The important concepts of the ENISA document are as follows:

- Information Security
- Isolation failure
- Economic Denial of Service
- Licensing Risks
- VM hopping
- Five key legal issues common across all scenarios
- Top security risks in ENISA research
- Underlying vulnerability in Loss of Governance
- User provisioning vulnerability
- Risk concerns of a cloud provider being acquired
- Security benefits of cloud
- Risks R.1 – R.35 and underlying vulnerabilities
- Data controller versus data processor definitions
- In IaaS, who is responsible for guest systems monitoring

The important elements of the CSA CCM (Cloud Controls Matrix) to be aware of are the following:

- CCM Domains
- CCM Controls
- Architectural Relevance
- Delivery Model Applicability
- Scope Applicability
- Mapped Standards and Frameworks

By far the most important document is the CSA Security Guidance. It alone accounts for 87% of the questions in the exam. The CSA CCM represents 7% and the ENISA report 6%.

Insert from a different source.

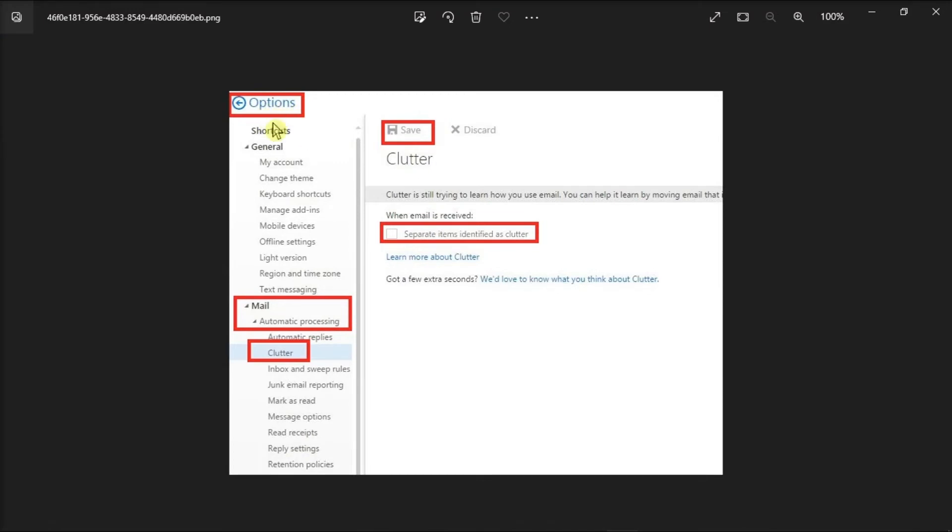Select the Mail tab, choose Automatic Processing, and then click Clutter.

The exact distribution of the number of questions per domain is as follows:

My preparation for the CCSK

My study material

In addition to the official study material, I also used two other documents that helped me a lot:

  • « CSA Guidance Summary in 6O minutes » : This is a very good 25-page summary of the CSA Security Guidance v4. I printed it for review and had it in PDF during the exam.

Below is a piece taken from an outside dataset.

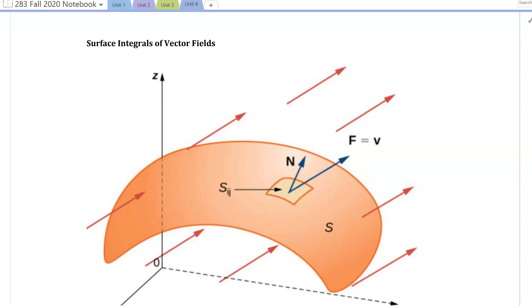Welcome. In this video we're going to discuss surface integrals of vector fields, and we're going to take the approach we used with line integrals in a previous video and try to view this as a special case of a surface integral of an appropriate scalar function. We'll talk about what that scalar function will be in a moment.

  • « CCSK All-in-One Exam Guide » from Graham Thompson : It is an excellent review guide that I highly recommend and which Peter van Eijk with whom I had the honour of discussing. Peter is also an official trainer for the CSA CCSK and I believe he is involved in the drafting committee for the questions. The book reviews with very good explanations the 14 areas of the CBK but also the ENISA and CCM document. At the end of each chapter, there is a “Chapter Review” which includes the essentials for the review. The book also includes 150 test questions which are very similar to those of the exam in terms of wording and difficulty. And finally, at the end of the book, there is a code to access an online simulator on the TotalSem site which contains 200 additional questions. (link to the book on Amazon)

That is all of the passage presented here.